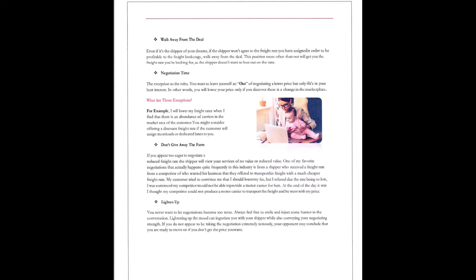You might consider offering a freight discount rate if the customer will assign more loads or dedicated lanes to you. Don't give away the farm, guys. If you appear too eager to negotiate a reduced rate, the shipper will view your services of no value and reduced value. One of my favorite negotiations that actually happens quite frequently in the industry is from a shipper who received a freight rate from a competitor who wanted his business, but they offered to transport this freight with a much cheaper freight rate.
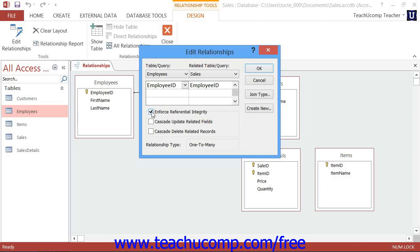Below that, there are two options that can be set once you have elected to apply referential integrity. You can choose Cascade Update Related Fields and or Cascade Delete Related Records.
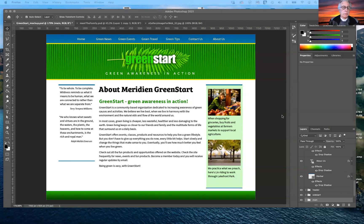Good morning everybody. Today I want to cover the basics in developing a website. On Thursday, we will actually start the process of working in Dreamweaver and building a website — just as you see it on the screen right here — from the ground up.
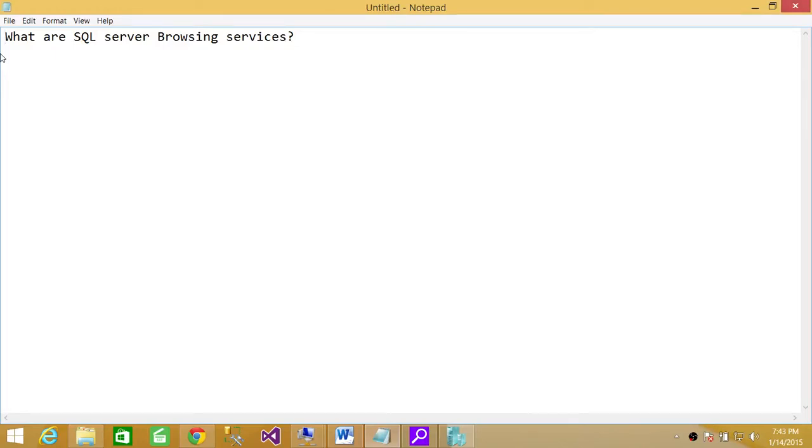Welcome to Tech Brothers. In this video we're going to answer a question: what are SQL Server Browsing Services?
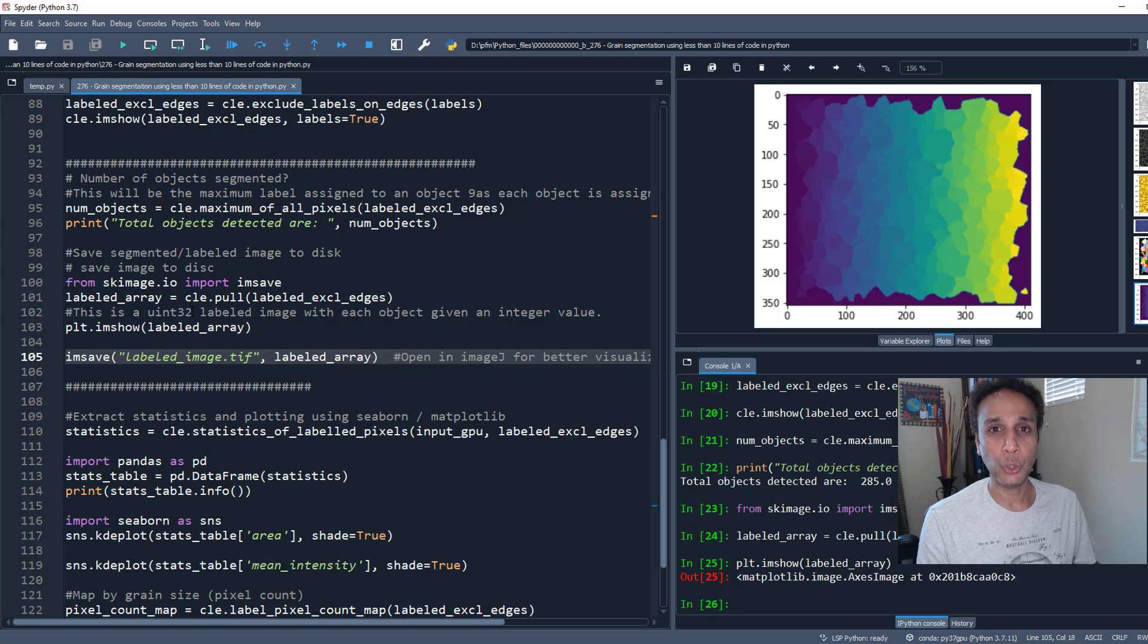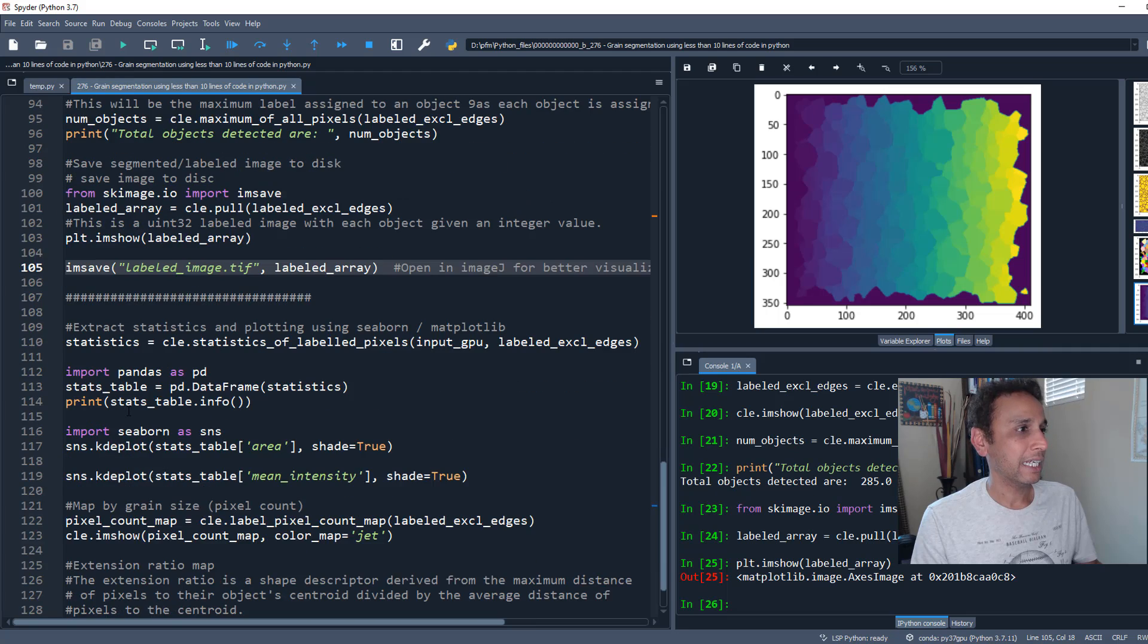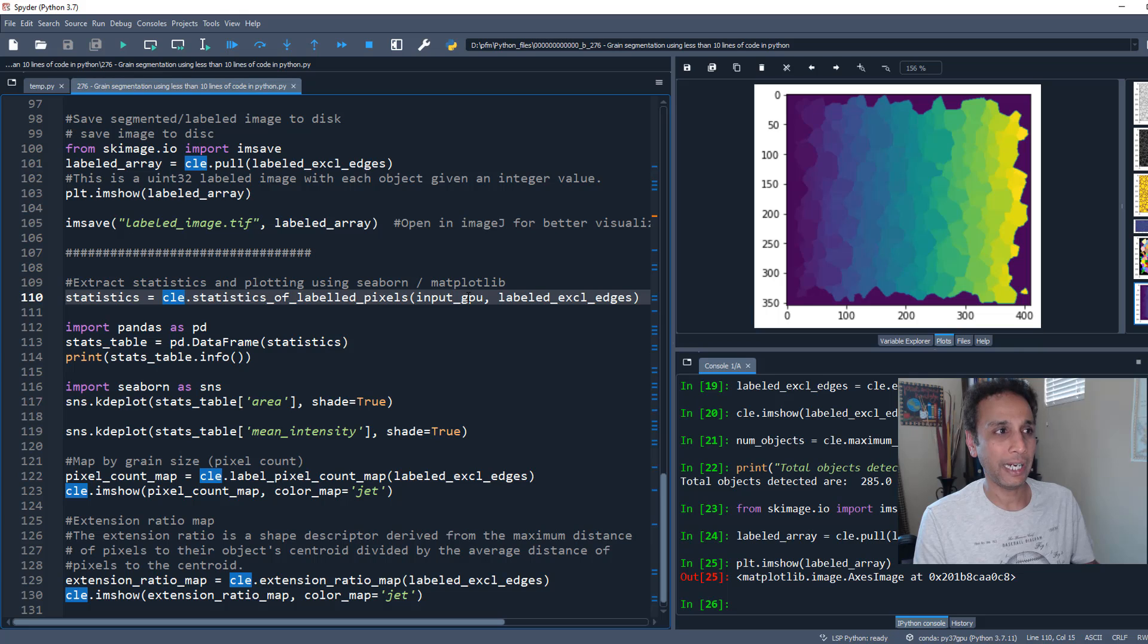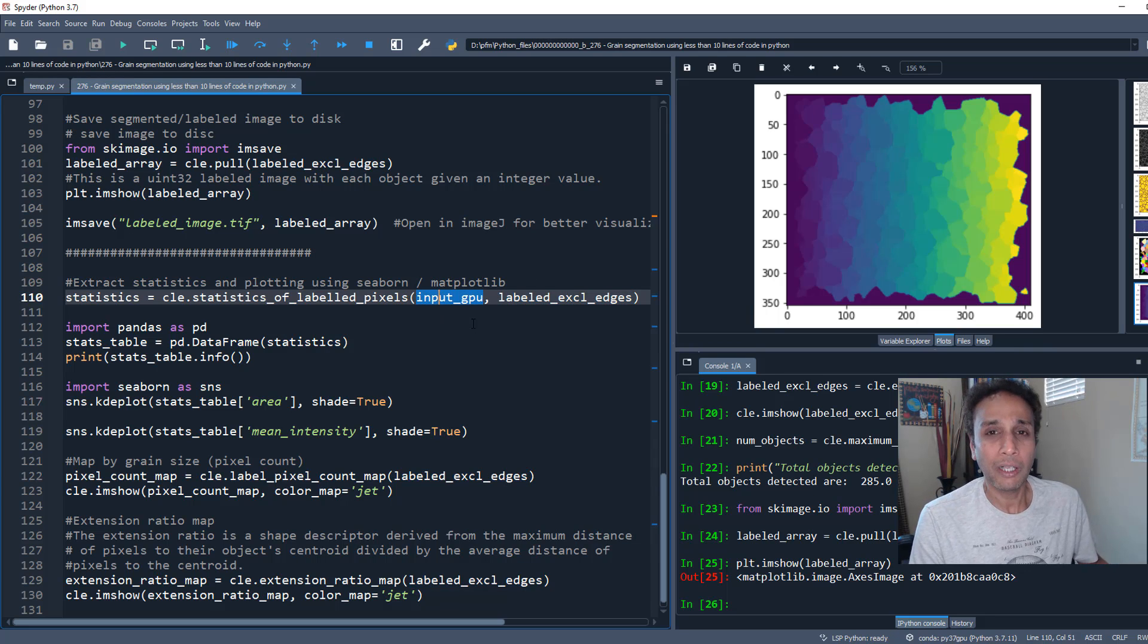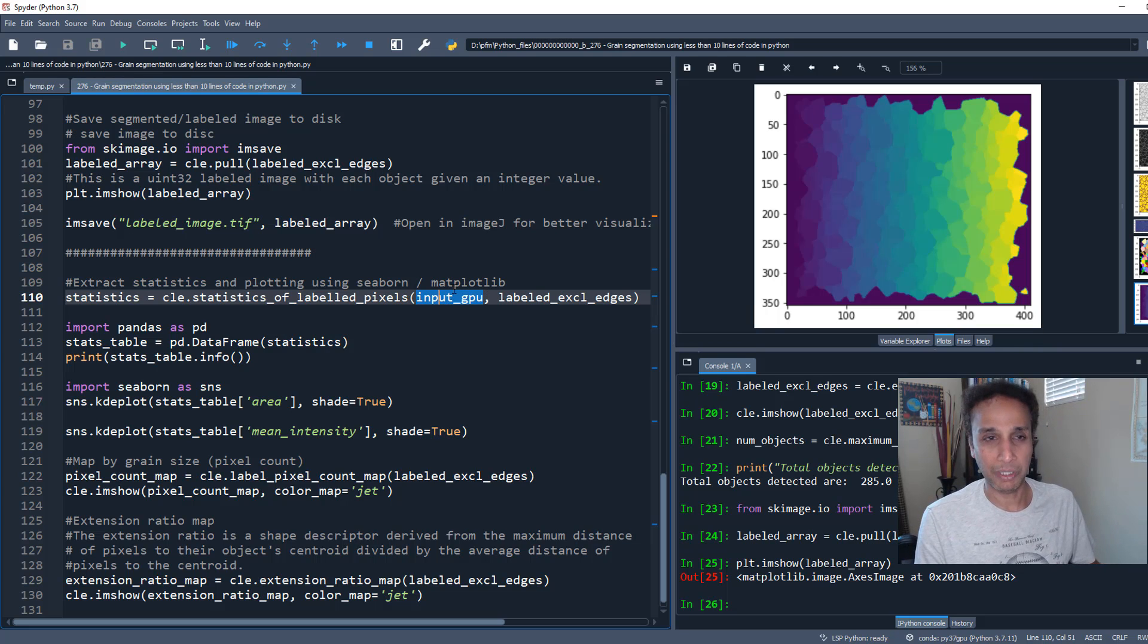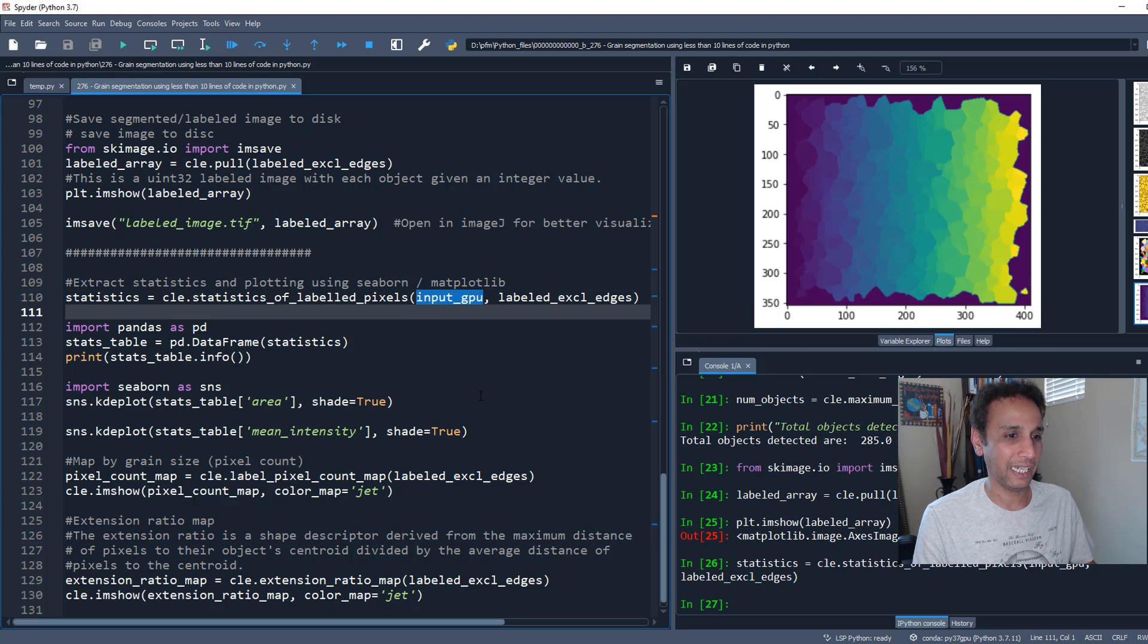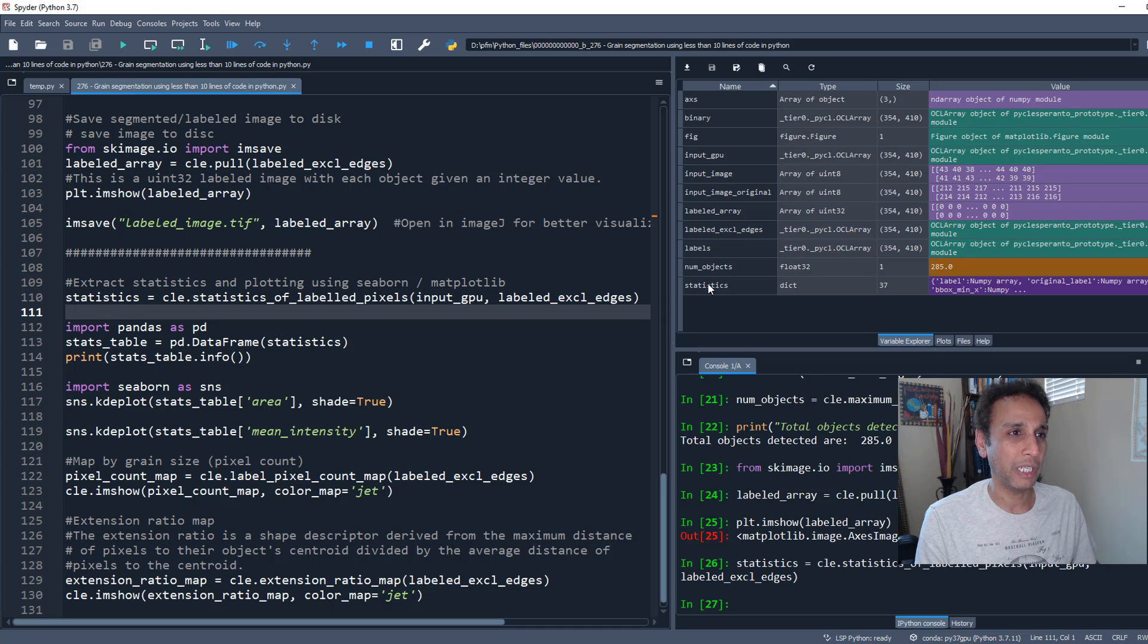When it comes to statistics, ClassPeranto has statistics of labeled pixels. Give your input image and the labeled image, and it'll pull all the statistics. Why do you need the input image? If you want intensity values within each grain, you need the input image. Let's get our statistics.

+ + +

**Work required**
The whole listing above must be returned exactly as written, with no pictures carried over.

**Exercise solution**
You might consider offering a freight discount rate if the customer will assign more loads or dedicated lanes to you. Don't give away the farm, guys. If you appear too eager to negotiate a reduced rate, the shipper will view your services of no value and reduced value. One of my favorite negotiations that actually happens quite frequently in the industry is from a shipper who received a freight rate from a competitor who wanted his business, but they offered to transport this freight with a much cheaper freight rate.
Below that, there are two options that can be set once you have elected to apply referential integrity. You can choose Cascade Update Related Fields and or Cascade Delete Related Records.
Good morning everybody. Today I want to cover the basics in developing a website. On Thursday, we will actually start the process of working in Dreamweaver and building a website — just as you see it on the screen right here — from the ground up.
Welcome to Tech Brothers. In this video we're going to answer a question: what are SQL Server Browsing Services?
When it comes to statistics, ClassPeranto has statistics of labeled pixels. Give your input image and the labeled image, and it'll pull all the statistics. Why do you need the input image? If you want intensity values within each grain, you need the input image. Let's get our statistics.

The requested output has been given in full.